I have been offered a job in Singapore so currently going through the process of sorting out my new life in Singapore....I have never been to Singapore so can anyone give me tips on the following:

- Renting property in Singapore
- Social scene in Singapore
- Best place to meet people as I will know no one there...
- Any other tips..

Many thanks for any replies....

Chris


----------



## simonsays (Feb 11, 2009)

you can start off, by RTF ..  

most have been discussed and fought over here, before 

after that, If you have specific questions, you can throw, and we can address .. 

For places to meet people, well, let me say, what kind of 'people' you plan to meet ?? 

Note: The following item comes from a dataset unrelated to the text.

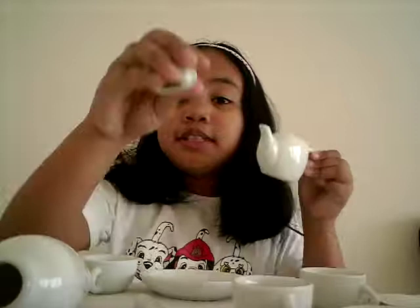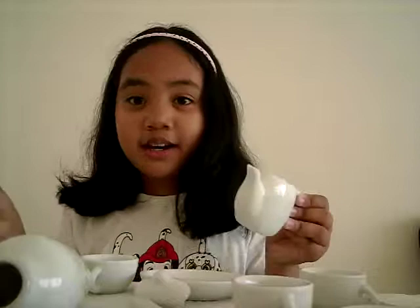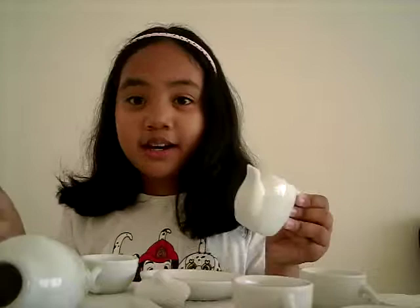First thing I'm going to do is pick one that I want to color it with. How about this cute teapot? This may take a while. See you in a bit, guys.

You can make friends in Junior Chamber / Rotaract, if you are below 40 and 30 respectively and if you have a passion to serve and meet people .. or Rotary / Lions, if you crossed the 40 year age limit 

Or join some VWO and make friends

Or go join one of those weekly drinking clubs .. or 

Get specific, and I can try to help ..


----------



## Japer (Aug 10, 2013)

bravo1800 said:


> Hi Everyone,
> 
> I have been offered a job in Singapore so currently going through the process of sorting out my new life in Singapore....I have never been to Singapore so can anyone give me tips on the following:
> 
> ...


Hi Chris,

With regards to your questions,

-Rental prices in Singapore can be on the high side depending on the location and the facilities you need, so it would be better if you have a rough idea, what are you looking for.
-Social scene wise, we do have lots of pubs and clubs in the Boat Quay and Clarke Quay district in which it becomes very vibrant during the night.
-What sort of people are you planning to meet with, as the question is really vague.

Regards!


----------



## Gerry63 (Aug 16, 2013)

*Tenant urgently required*

Hi,
Forced urgent move back to UK means we have to find replacement tenants. (no diplomatic clause). Lovely condo in Pasir Panjang Hill. 2 bed 2 bath. Large terrace facing quiet pool. Only 40 units. Pool mostly empty. Rent $4100. 5 min walk to bus. 2 stops from Haw Par Villa. 25 mins by bus to CBD. Gerry 9796 1501


----------



## Gerry63 (Aug 16, 2013)

Hi Chris,
Got anywhere to live in SG yet?


----------



## Gerry63 (Aug 16, 2013)

Hi,

I was looking for a tenant. Got one now. Thx for replying. Enjoy Singapore.


----------